Genevan Academy

This was founded in 1559 under the influence of John Calvin,* who believed that one of the great needs of the Reformed church was an educational institution that would prepare not only ministers to preach the Gospel, but men who could take their place as Christians in every walk of life. Influenced by the example of Martin Bucer and John Sturm in Strasbourg, he desired to extend the public school established in 1537 to cover the whole course of education. This he succeeded in doing in 1559, at which time Theodore Beza* became the first rector, along with three other professors. Joint control over the institution was exercised by ecclesiastical and civil authorities, although the basic law emanated from the mind of Calvin. One important characteristic of the academy was the emphasis upon the use of French as well as Latin.

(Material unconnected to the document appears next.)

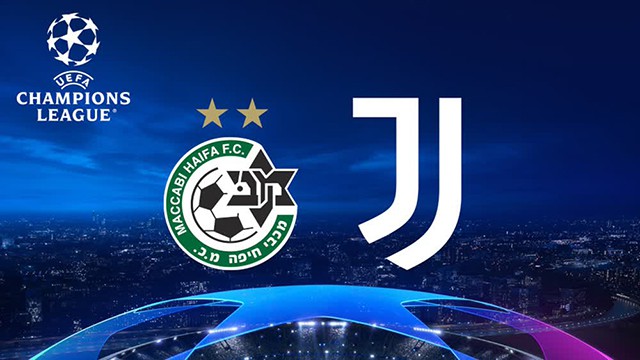 Soi kèo bóng đá SBO Maccabi Haifa vs Juventus ngày 11/10/2022 – Champions League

Physical science and mathematics also became part of the standard curriculum. In the faculty of theology, biblical studies were fundamental although much attention was also paid to preaching. From the academy in the years following its foundation many leaders of the Reformation in other countries such as France, Hungary, Holland, England, and Scotland went out to carry on the Calvinistic tradition.

See C. Borgeaud, Histoire de l'Université de Genève, (1900), I; W.S. Reid, “Calvin and the Founding of the Academy of Geneva,” Westminster Theological Journal, XVIII (1955), pp. 1ff.